Debéis enseñar a vuestros hijos lo que nosotros hemos enseñado a los nuestros: que la tierra es nuestra madre.
Todo lo que afecta a la tierra afecta a los hijos de la tierra.
Cuando los hombres escupen sobre el suelo, se escupen a sí mismos. La tierra no pertenece al hombre, sino el hombre pertenece a la tierra. El hombre no ha tejido la red de la vida; es solo una hebra de ella.
Todo lo que haga a la red se lo hará a sí mismo. Lo que le ocurra a la tierra les ocurrirá a los hijos de la tierra.
Todas las cosas están relacionadas como la sangre que une a una familia…”.
Jefe indio Seattle, de la tribu suwamish (1786 -1866)

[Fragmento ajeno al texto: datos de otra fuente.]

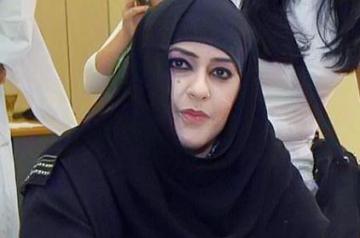 بالفيديو...الناشطة الكويتية سلوى المطيري: أنا أعلم مكان وجود الطائرة الماليزية و بإمكاني فك لغر أختفائها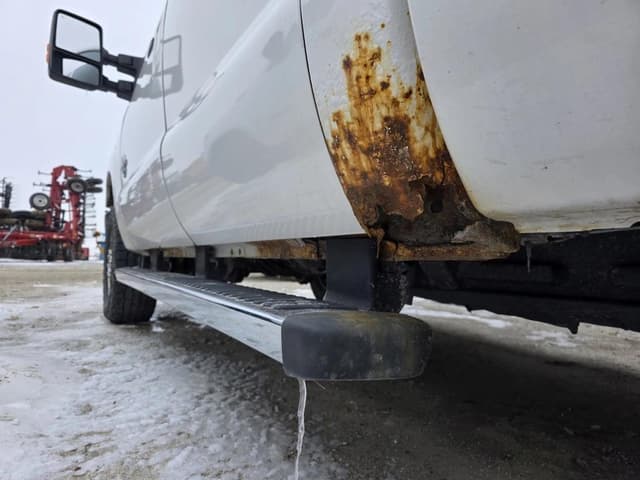 Image of Ford F-250 equipment image 3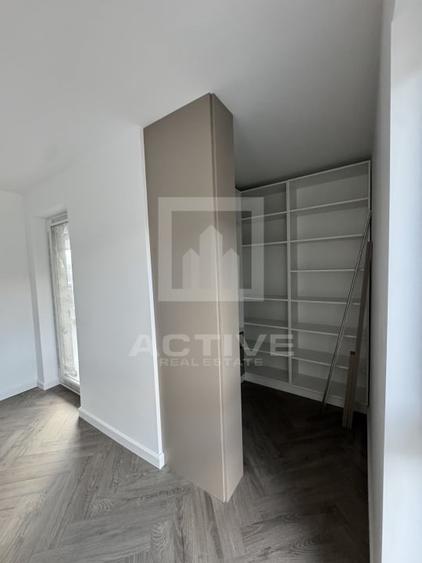 Apartament cu 3 camere semidecomandat, mobilat în Sopor
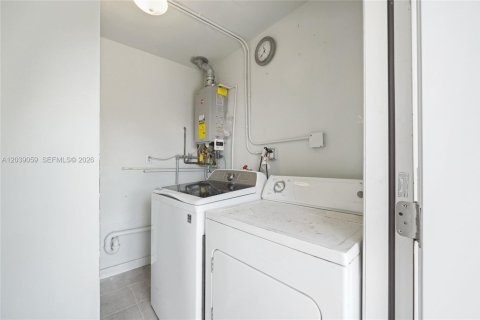 House in Miami, Florida 3 bedrooms, 106.47 sq.m. № 2088305 - photo 20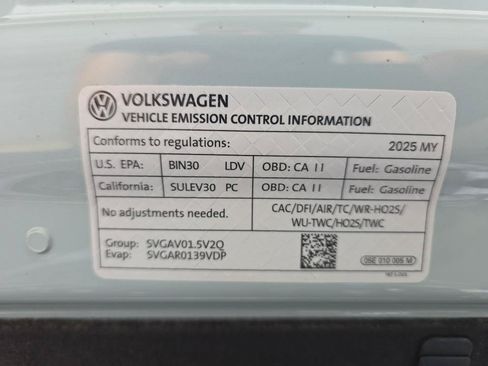 Used 2025 Volkswagen Jetta SEL FWD image 4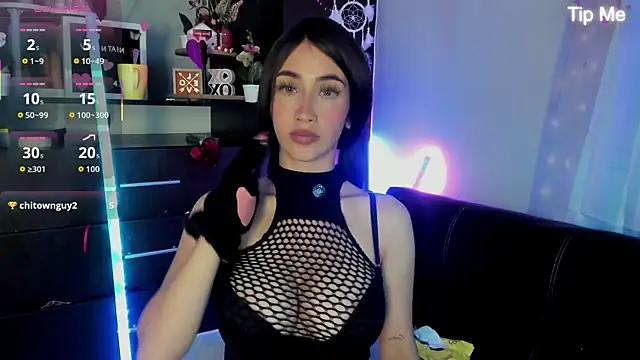 Snapshot of Emilytafur chatting on 02/18/26, 09:33 Emilytafur online show from 02/18/26, 09:33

Hace prácticamente 200 años que esta carta fue enviada al presidente de los Estados Unidos de América por el jefe de la tribu suwamish (habitaba en el noroeste de EE. UU.), cuyo contenido mostraba su preocupación por nuestro planeta. Tanto tiempo ya pasó desde entonces, y hasta hoy no hemos dejado de contaminar o de matar lentamente a nuestro –alguna vez– hermoso mundo. No valoramos lo que tenemos; por alguna razón, alguien dijo: “EL HOMBRE ES EL PEOR ENEMIGO DEL HOMBRE”. Nuestros antepasados lo predijeron, pero, conscientes o no de nuestro mal proceder, estamos buscando fuera de este planeta, dentro del inmenso universo, otro lugar parecido a la Tierra para que allí vivan algunos pocos elegidos, pues este juguete ya está viejo y muy ajado por los pisotones que le damos. Lo transformamos, con nuestras propias acciones, de un paraíso —donde nuestro Creador nos dio todo cuanto necesitábamos— en un mundo donde reina la desidia.